Шофёр его быстро зашёл в комнату. Он повернулся к нему всем телом, радуясь предлогу закончить допрос и отдать гестапо новую жертву — пусть и это расхлёбывает Гарднер.
— Ну что? — спросил он отрывисто. — Опять стряслось что-нибудь?
— Автомобиль исправлен, — ответил солдат, — телефонная же линия...
— Едем, — сказал Курцер и встал из-за стола. — Посмотрим, каких зверей наловил нам Гарднер.
И он продолжал говорить, улыбаться, махать руками, обращаться то к одному, то к другому, пока его не посадили в машину и автомобиль не тронулся с места. Тогда он глубоко вздохнул, провёл ладонью по лицу, как бы стирая с него всё, закрыл глаза и глубоко задумался.
Глава четвёртая
Камера, куда посадили Ганку, пахла какао, корицей, ванилью и ещё каким-то редким и пахучим товаром, и Ганка понимал, откуда этот запах. Ещё неделю тому назад здесь помещался склад колониальных товаров, а теперь товар куда-то спешно вывезли, а склад превратили в военную тюрьму: Чтобы попасть в камеру, надо было сначала пройти по длинному, узкому коридору, в котором кое-где ещё попадались пустые фанерные ящики с многокрасочными наклейками, потом пересечь огромное и почти совершенно пустое помещение, где стоял только деревянный некрашеный стол, а за ним трое солдат постоянно резались в карты, и, наконец, опять очутиться в коридоре, ещё более тёмном и узком. Здесь надзиратель, ведший Ганку, вынул ключ, отпер ему камеру, сказал что-то такое: «Вот, пожалуйста, сюда», — и ушёл.
Ганка огляделся и осторожно сел на край грубо, наспех сколоченных нар. Они сейчас же заскрипели, как-то особенно противно и тягуче, и он сразу же почувствовал, что у него болит голова. Он робко дотронулся до затылка и зашипел от страшной, жгучей боли — кожа с затылка была ободрана. Он понял, что его где-то били, и били, очевидно, долго и упорно.
«Это чтобы я встал на ноги», — почему-то догадался он и сразу же почувствовал, что да, так оно и было. Он лежал на полу или на земле, а его пинали сапогами и покрикивали: «А ну, вставай! Вставай, тебе говорят, скотина! Ишь дурака-то ломает! Вытянулся, как мёртвый, и не дышит... Вставай, падаль!»
«Надо бы перевязать, — смутно подумал он, — а то может быть сепсис. Или нет, не сепсис, а как его там... сотрясение мозга».

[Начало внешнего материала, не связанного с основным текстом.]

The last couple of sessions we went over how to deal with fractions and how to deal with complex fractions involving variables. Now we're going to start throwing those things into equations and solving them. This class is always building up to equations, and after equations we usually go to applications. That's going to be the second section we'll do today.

Он было даже встал с нар, чтобы подойти к двери, но только быстро, глубоко вздохнул и остался на месте. Зато как только он сделал движение, опять протяжно и сладко заскрипели, как будто заблеяли, нары. Он поморщился от боли и сжал себе виски. Это было его давнишнее, испытанное средство от мигрени. Сжать себе голову эдак покрепче — и боль постепенно начнёт таять, таять, уходить куда-то под кожу, а под конец исчезнет совершенно. Но сейчас как он ни жал, ничего не получалось. Тогда он взглянул на свои худые, тонкие пальцы и увидел, что они дрожат.
«Значит, боюсь», — понял он, но страха у него не было. Он подошёл к стене и провёл по ней ладонью. Стена была неровная, вся в каких-то желваках и впадинах.
Он прошёлся ещё раза два по камере — три шага туда, три обратно, потом подошёл к двери и упёрся в неё кулаком.
Дверь не подавалась.
Он налёг на неё плечом, а потом и всем телом — всё равно не подавалась, а стояла неподвижная и непоколебимая, как стена.
«Боюсь,» — подумал он снова и сам испугался этого страха.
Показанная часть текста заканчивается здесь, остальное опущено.